Les cheveux roux de Gwenda étaient coiffés en chignon. Elle portait des petites bottines noires, des gants d'équitation et un chapeau. Sa veste de cavalier était mise par-dessus sa robe rouge bordeaux.

  • Des idées farfelues ? Non, je n'ai que des idées claires, répondit-elle, outrée.
  • Ah oui ? Je n'en ai pas l'impression. Je sais très bien que vous voulez venger votre ami. Même si je reconnais que notre assassin est un Mousquetaire Blanc, il serait difficile de convaincre la Reine-Lune que c'est lui.
  • Oui, ça, je n'en doute pas, répondit-elle, mais il ne faut pas ignorer la preuve ! Et la flèche d’argent, alors ?
  • Nous avons interrogé tous les forgerons. L’un d’eux nous a dit seulement qu’un homme masqué lui avait commandé deux flèches d’argent : une qui a raté votre ami et une qui l'a tué en plein cœur. Je vous assure que je veux arrêter cet assassin autant que vous...
  • Pourquoi abandonnez-vous cette enquête, alors ?
  • Imaginez que nous découvrons l'assassin. Que se passerait-il quand nous révélerons son identité à la Reine-Lune ? Elle nous accuserait de conspiration contre l'Etat franc et déclarerait la guerre contre la Britannique ! Et puis, peut-être que la Reine-Lune a à voir avec cet assassinat...
  • Pourquoi serait-elle responsable de l'assassinat ?
  • Il n'y a qu'elle qui peut contrôler les Mousquetaires. Elle les aurait très bien ordonné d'assassiner vous, et non Sir Gauvain, pour se venger de la fois où vous avez lancé la médaille d'honneur sur elle.
  • Mais elle m'a condamnée à ne plus retourner dans son royaume ! Ça ne suffit pas ?!
  • Oui, je reconnais que mon hypothèse est un peu farfelue...
  • Et comment savez-vous pour la médaille d'honneur ?!
  • J'ai lu votre dossier.
  • Ah. Oui, bien sûr... Écoutez, inspecteur, tout ce que je veux, c'est que justice soit faite !
  • Je compatis pour vous : vous devriez être très proche de lui pour vouloir venger sa mort, mais croyez-moi : la vengeance n'est pas une solution. C'est une chose qui se fait à double tranchant. Et je dis ça parce que j'ai déjà arrêté des criminels qui étaient des anciennes victimes de harcèlement, de viol...
  • J'assumerai les conséquences ! déclara-t-elle. Quel qu'en soit le prix, je me vengerai ! Pour la justice !
  • Pour la justice ou pour votre compte personnel ?
  • Ne me cherchez pas ! Vous ne me connaissez pas très bien pour me juger ! Le bien-être des autres me tient toujours à cœur, et le fait qu'ils l'aient tué de sang-froid... M'a dégoûtée !
  • Je vous comprends, Miss Gwen...
  • Non, vous ne me comprenez pas ! Avez-vous déjà perdu quelqu'un de très cher ?
  • Si, vous n'êtes pas la seule à avoir perdu quelqu'un, Miss Gwenda. D'autres gens ont perdu leurs parents, leurs enfants, leurs amis à cause de la Soif du Sang. Moi-même, j'ai perdu quelqu'un. Si je vous dis de ne pas vous venger, c'est parce que j'en ai marre de vous mettre en tôle.

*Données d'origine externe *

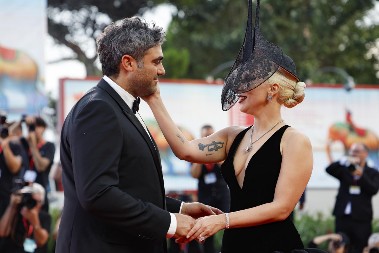 Ima milione, ali je skromna do bola: Lejdi Gaga je od dečka tražila ovakvu veridbu, nije potrošio ni dinar zahvaljujući jednoj stvari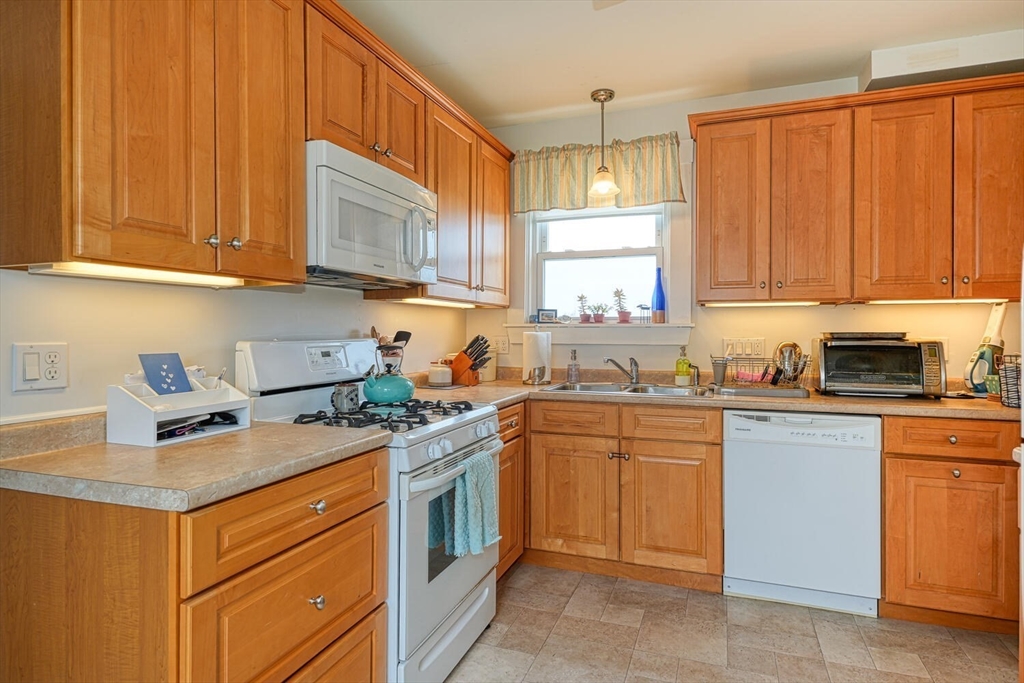 Natick, Massachusetts 01760, United States, 4 Bedrooms Bedrooms, ,2 BathroomsBathrooms,Residential,Active,101844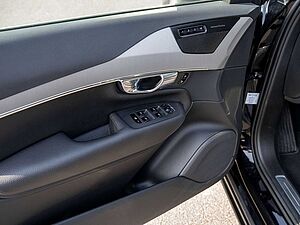 Volvo  T8 Inscription Expression Recharge AWD 2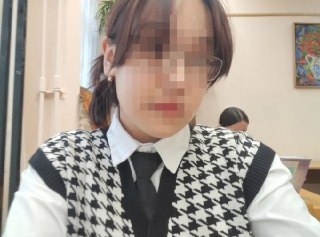 15-летнюю школьницу в Петербурге приговорили к 7 годам колонии за поджог заправки под угрозами мошенников1-й Западный окружной военный суд в августе приговорил 15-летнюю школьницу С. к семи годам воспитательной колонии по делу о поджоге заправки в Петербур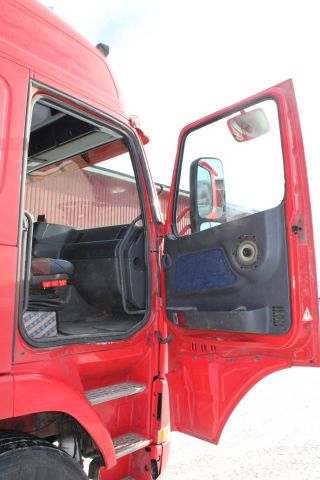 765576-37 Roll barrel changer with hook arm Volvo FH12-37 8X4 1999 414 hp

Gwenda ne dit plus rien. Après avoir participé à la guerre sur Alfheim, elle était retournée à Londine et avait commencé à boire. Elle se bagarrait souvent dans les restaurants et l'inspecteur Scott l'enfermait derrière les barreaux. Cela avait duré un mois avant qu'elle arrête de boire.

  • Bon, faîtes comme vous voulez..., capitula-t-il devant le silence de la jeune femme. Mais réfléchissez-y avant de faire quoi que ce soit car, après ça, votre vie ne sera plus comme avant.